The economics of the IT industry demand that storage vendors lift their profile and change their business models, or face a long and painful death of selling hardware — mostly brown, spinning discs — at increasingly lower margins.

They are trying to capture the imagination by pitching their visions of ILM as holding the same importance as another trio of three-letter acronyms — customer relationship management (CRM), enterprise resource planning (ERP) and supply chain management (SCM). All but SCM have had a rugged journey so far, suffering from stories of massively expensive implementations, failed projects and very unhappy customers.

That is not stopping companies such as market leader HP, IBM and the aggressive EMC from pushing ILM as the next big thing — at least in storage circles.

Research carried out over the past month by ITR has found that CIOs and IT managers are stubbornly resistant to this type of vendor-speak because they feel the industry is littered with catchphrases such as adaptive, real-time”, on-demand, organic and so on.

While storage vendors have spent considerable sums pushing the ILM message, an ITR survey of 150 IT executives earlier this month found very few are listening.

Some 55 per cent of Australian decision-makers responsible for storage purchases said they had not even heard of ILM. The ITR survey also found, perhaps worryingly, that 80 per cent of the data kept by Australian companies is rarely (or never) used.

This statistic cuts to the heart of why storage vendors are banging the ILM drum.
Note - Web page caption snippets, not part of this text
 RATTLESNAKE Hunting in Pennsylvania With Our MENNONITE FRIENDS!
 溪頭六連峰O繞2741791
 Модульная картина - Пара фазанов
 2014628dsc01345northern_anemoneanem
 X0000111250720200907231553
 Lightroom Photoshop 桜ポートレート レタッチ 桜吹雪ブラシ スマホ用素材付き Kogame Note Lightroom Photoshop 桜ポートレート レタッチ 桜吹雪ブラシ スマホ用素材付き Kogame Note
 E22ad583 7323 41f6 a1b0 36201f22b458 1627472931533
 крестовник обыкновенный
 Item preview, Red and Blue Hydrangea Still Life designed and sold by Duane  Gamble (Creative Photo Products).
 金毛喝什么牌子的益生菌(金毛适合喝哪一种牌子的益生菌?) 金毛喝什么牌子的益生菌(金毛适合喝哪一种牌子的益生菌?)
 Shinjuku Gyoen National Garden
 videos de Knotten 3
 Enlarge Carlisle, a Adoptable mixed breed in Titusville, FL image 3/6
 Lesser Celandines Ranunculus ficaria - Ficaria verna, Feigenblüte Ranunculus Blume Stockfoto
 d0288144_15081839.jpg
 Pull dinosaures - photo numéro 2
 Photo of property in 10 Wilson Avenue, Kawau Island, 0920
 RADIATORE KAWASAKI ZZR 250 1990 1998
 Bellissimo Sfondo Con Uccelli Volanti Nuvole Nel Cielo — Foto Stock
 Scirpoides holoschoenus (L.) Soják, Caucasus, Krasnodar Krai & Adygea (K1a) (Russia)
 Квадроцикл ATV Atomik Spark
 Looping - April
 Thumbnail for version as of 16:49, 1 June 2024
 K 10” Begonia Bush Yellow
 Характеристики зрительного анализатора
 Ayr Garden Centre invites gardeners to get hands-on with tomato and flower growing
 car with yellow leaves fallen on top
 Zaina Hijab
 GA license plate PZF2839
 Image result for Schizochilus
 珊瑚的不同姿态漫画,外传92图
They say, and rightly, that too much data is held on expensive media like Fibre Channel and iSCSI. Clients should audit their storage requirements and become more frugal with high-availability services.

This, in turn, provides the channel with the opportunity to earn services and software revenues, which provide a much better return than the diminishing margins of hardware.

But it’s one of those neat win-wins. The client is also ahead because the storage system is cleaned up, replicated data is deleted and all the dull stuff that no one wants to look at — that 80 per cent of documents — is stored on the cheapest media, saving considerable sums.

The only important difference in this win-win scenario is that vendors and channel partners get paid straight away, while the client usually gains incremental savings over several years before getting their return on investment.

Once an audit has been finalised, an enterprise can embark on an ILM journey, which involves truly understanding how business should treat and delete data — a process that for too long has been put in the too hard basket of the IT department.

More thought must be given to the value of information, rather than simply dismissing everything as data. The ability to tap information efficiently and quickly is key to running a competitive business these days — and the foundation of the ILM vision.

Only one in five Australian companies are moving in this direction, according to the ITR survey, which suggests there is a big, fat market out there.

Mark Hollands is Principal of the new Australian research and consultancy company, ITR.